Caso seja sancionado pelo prefeito de Vitória, a rua que homenageia Aristeu Aguiar, o responsável pelo Massacre da Praça do Carmo, em 13 de fevereiro de 1930, terá que ter o nome mudado no primeiro dia em que entrar em vigor. Aguiar mandou matar participantes de um comício, deixando cinco mortos e dezenas de feridos. Caso a lei não retire a homenagem a Aristeu Aguiar, a nova legislação entrará em descrédito
O recém aprovado projeto de lei 115/2021 da Câmara de Vereadores de Vitória (ES), que tem como finalidade a proibição de denominação de logradouros públicos com o nome de pessoas que foram condenadas por corrupção e por condenados pela prática de atos de lesa-humanidade e crimes de tortura, entre outros, terá seu desafio no primeiro dia que entrar em vigor. Segundo ao Legislativo municipal, “o projeto foi aprovado, mas ainda segue para sanção ou não do prefeito”. Em Vitória, há o nome de uma rua, cujo homenageado é o responsável pelo Massacre da Praça do Carmo, em 1930.

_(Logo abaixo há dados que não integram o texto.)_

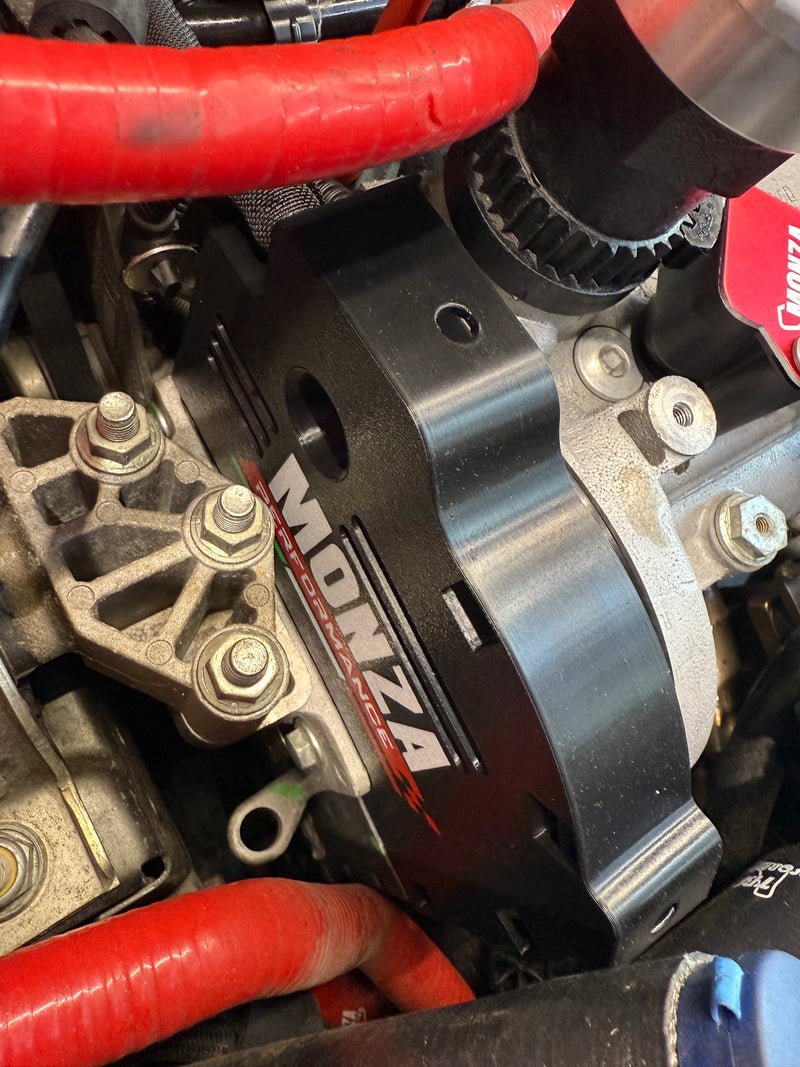 Carica immagine in Galleria Viewer, carter distribuzione racing MONZA PERFORMANCE 500/595/695 Abarth e tutti motori T-Jet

Vários vereadores, em diversas legislaturas, tentaram e não conseguiram tirar o nome da Rua Aristeu Aguiar, que fica localizada entre os fundos do Supermercado São José e a lateral do Banco Itaú, no Centro Histórico de Vitória. Por coincidência, o nome do autor do massacre que ocorreu em Vitória (ES), na noite do dia 13 de fevereiro de 1930, abalou o Brasil. Foi a manchete dos principais jornais brasileiros e foi amplamente noticiado pela Rádio Nacional. Naquela ocasião não existia televisão. Aristeu Aguiar, que era o presidente da então Província do Espírito Santo, acabou entrando como fugitivo em um navio de cargas com bandeira italiana, que estava atracado no Porto de Vitória. Posteriormente, foi condenado à revelia, já que era fugitivo.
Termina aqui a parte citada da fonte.